Voter suppression has been mentioned by numerous political pundits across the political spectrum; However, it is difficult to measure the impact of these voting irregularities. Therefore, several types of factors should be considered to understand voter suppression completely. This paper will examine the various techniques of voter suppression, including strict voter ID laws, gerrymandering, felon disenfranchisement, literacy testing, polling hour manipulation, etc. All these techniques have been discussed extensively—but rarely together—and their effects are profound. This essay would examine the historical backgrounds of modern voter suppression to provide resources for further investigations.

In Shelby County v. Holder (U.S. Supreme Court, 2013), the Supreme Court of the United States struck down Section 4 of the Voting Rights Act of 1965 (52 U.S.C. § 10101, VRA) as unconstitutional because the court held that under the Tenth Amendment of the U.S. Constitution, states have a broad right to utilize their reserve power not responsible by the federal government, including “the power to regulate elections”(U.S. Supreme Court, 1991). Section 4, the section that determines the coverage formula requiring certain jurisdictions to preclear with the Justice Department before imposing new voting regulations, violated this belief and the constitutional principle of “equal sovereignty of states”. The court deems the coverage formula no longer rational given “voter turnout and registration rates in covered jurisdictions now approach parity” with jurisdictions not covered under the coverage formula. Since the section deeming a coverage formula was declared unconstitutional, unless Congress passes another coverage formula, which is unlikely, Section 5, which requires jurisdictions covered to pre-clear any voting changes with the Justice Department, would be rendered obsolete.

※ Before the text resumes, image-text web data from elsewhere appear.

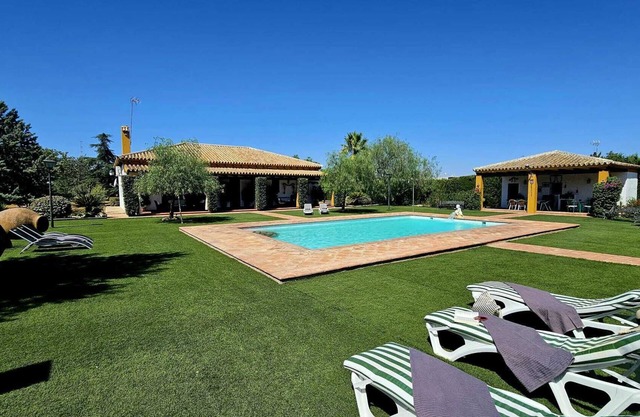 Rural Holiday Home 'Azahares De Marchena' with Pool, Wi-Fi and Air Conditioning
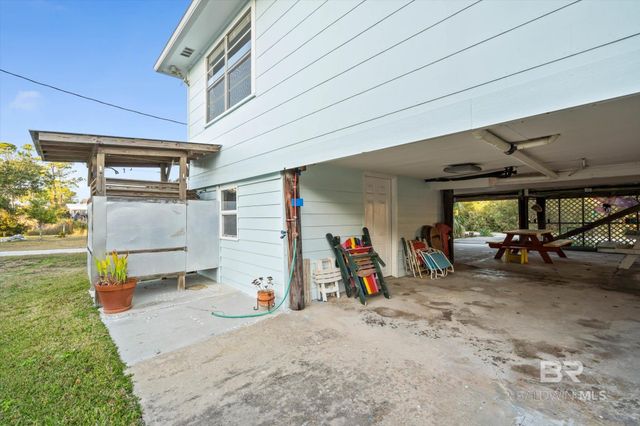 205 W 3rd Street, Gulf Shores, AL 36542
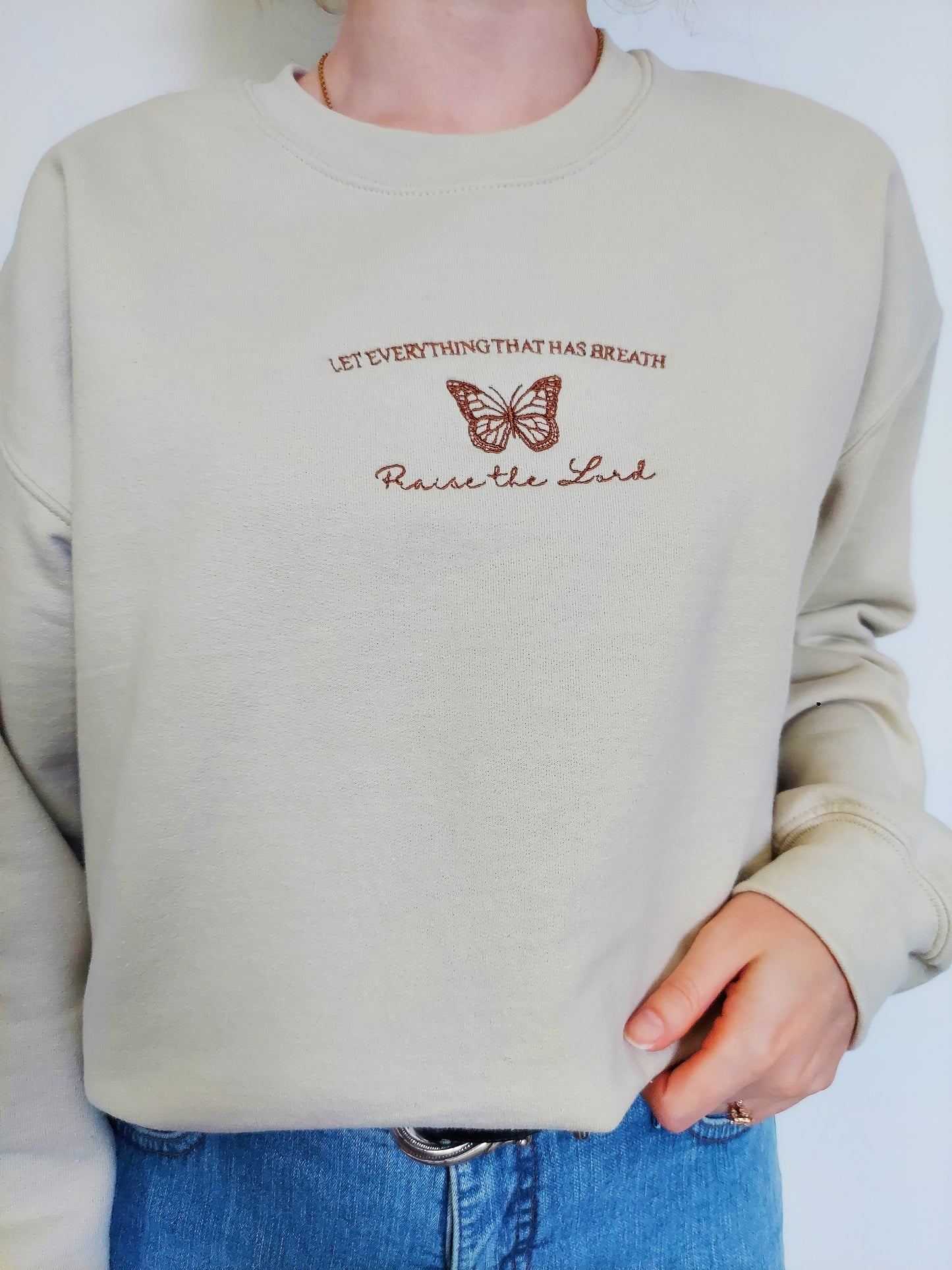 Let Everything That Has Breath Praise The Lord Embroidered Crew / White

As an indirect consequence, Virginia, South Carolina, Mississippi, Alabama, Arizona, Georgia, and Florida—all states implemented literacy test and/or poll tax before the 25th Amendment, which made poll tax unconstitutional, and VRA, which made literacy test illegal—passed voter identification laws after Holder(Brennan Center for Justice, 2016).  Supporters argue that the laws “protect the integrity of our elections by implementing the common sense requirement to show a photo ID when we vote”(Liptak, 2017).  This was said by North Carolina House Speaker Tim Moore and Senate President Pro Tem Phil Berger in a joint statement after the Supreme Court refuses to grant North Carolina certiorari in North Carolina NAACP v. McCrory (831 F.3d 204 (4th Cir. 2016)). In the ruling, a three-judge panel of the Fourth Circuit struck down North Carolina’s strict voter ID law, saying its provisions “target African-Americans with almost surgical precision”(U.S. Court of Appeals, 2016). The court concludes “The photo ID requirement here is both too restrictive and not restrictive enough to effectively prevent voter fraud”(U.S. Supreme Court, 1996). Too restrictive, as in no individual has ever been charged with voter fraud in North Carolina, and not restrictive enough as in the voter ID requirement only applies to in-person voting, not absentee voting, where voter fraud is most likely to happen(Stern, 2016).  In other states, although there have been reported cases of voter fraud, occurrences are extremely rare and likely results of extreme cherry-picking(Riddell, 2016).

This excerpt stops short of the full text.